Cracking Ciphers with Transformer

This is a write-up of my experiment to leverage the power of deep learning to crack historic substitution ciphers. It was performed in November, 2023 but I procrastinated until now to summarise it…

Theoretical backgrounds

Substitution ciphers

Substitution ciphers refer to a method of encryption by which units of plaintext are replaced with ciphertext according to a regular system. The best-known example is the Caesar cipher, which shifts the alphabet by a fixed number of places. For example, with a shift of 3, A would be replaced by D, B would become E, and so on.
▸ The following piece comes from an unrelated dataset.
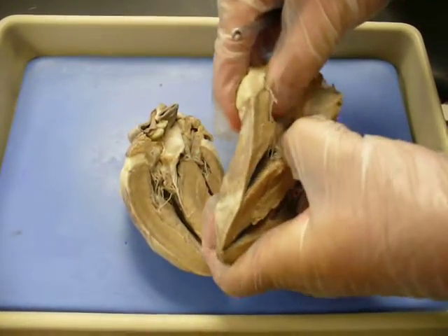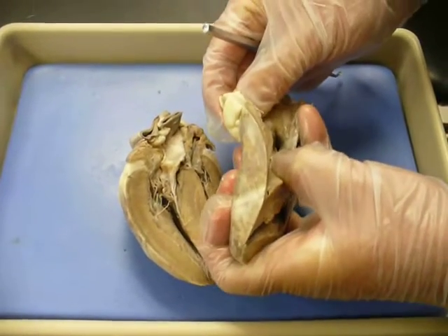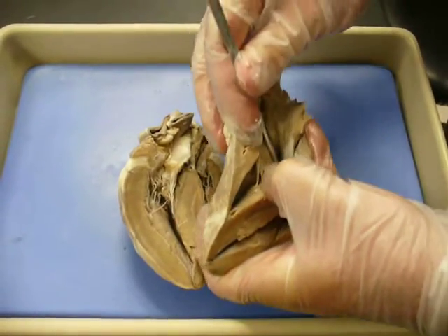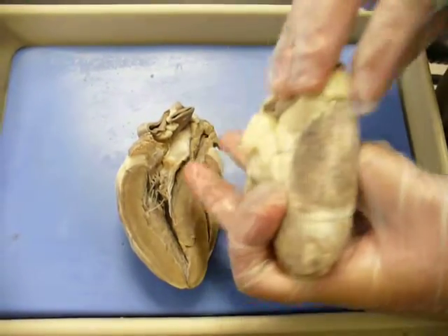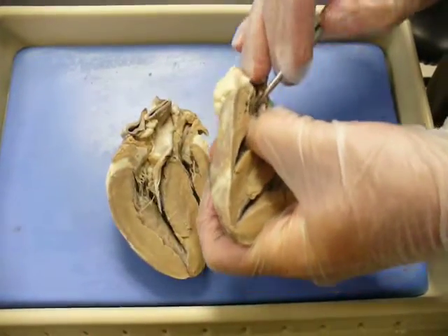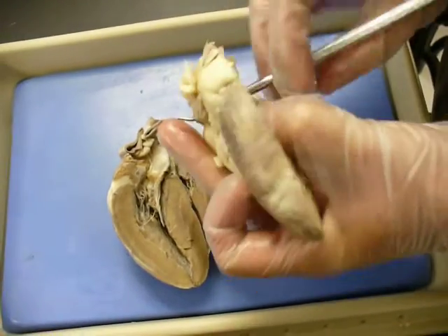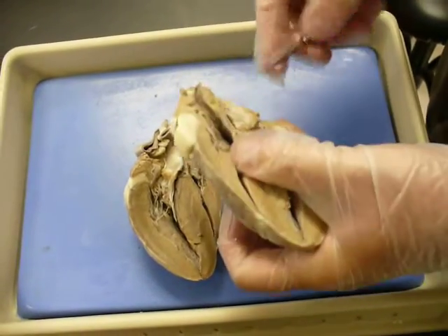If you go inside the atria, you'll see two holes. The lower one, right down here, is actually the opening to the coronary sinus — you can see it right through here in the back. And the one up on top is actually the inferior vena cava. So you have those two openings there.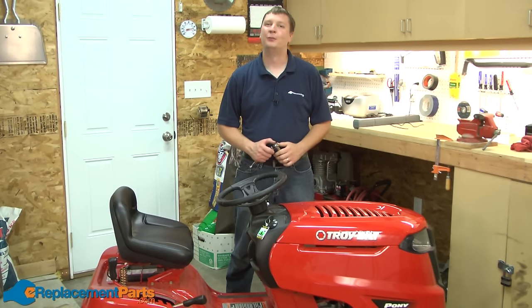That's all it takes to install an extension spring on a Troy-Bilt Pony lawn tractor. If you found this video helpful, please feel free to leave a comment or ask us a question.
Such ciphers, categorised as monoalphabetic, are extremely vulnerable to frequency analysis, which is a technique that exploits the fact that some letters appear more frequently than others in a given language. In order to make the ciphertext less vulnerable to this attack, polyalphabetic ciphers were developed, such as the Vigenère cipher.

The Vigenère cipher operates by using a short keyword that is expanded to the length of the plaintext by repetition, which is then used to shift the letters in the plaintext with the same principle as the Caesar cipher. During the centuries that followed its invention, many cryptanalysts tried to break it, without success, and it was not until the 19th century that Friedrich Kasiski published a general solution, which is now known as the Kasiski examination.

Kasiski noticed that if the same keyword is used to encrypt multiple plaintexts, the same sequence of letters would be encrypted in the same way, which would allow the cryptanalyst to identify the length of the keyword by finding the distance between the repetitions of the same sequence. Once the length is known, the Vigenère cipher could be thought of as a series of Caesar ciphers, allowing the cryptanalyst to break it with frequency analysis.

A variation of the Vigenère exists, known as the autokey cipher, which uses the plaintext itself, concatenated with the keyword, to encrypt the message. This method is considered more secure than the original; however, it unavoidably introduces common words in the cipher, and attackers could hypothesise the positions of such words to break the encryption.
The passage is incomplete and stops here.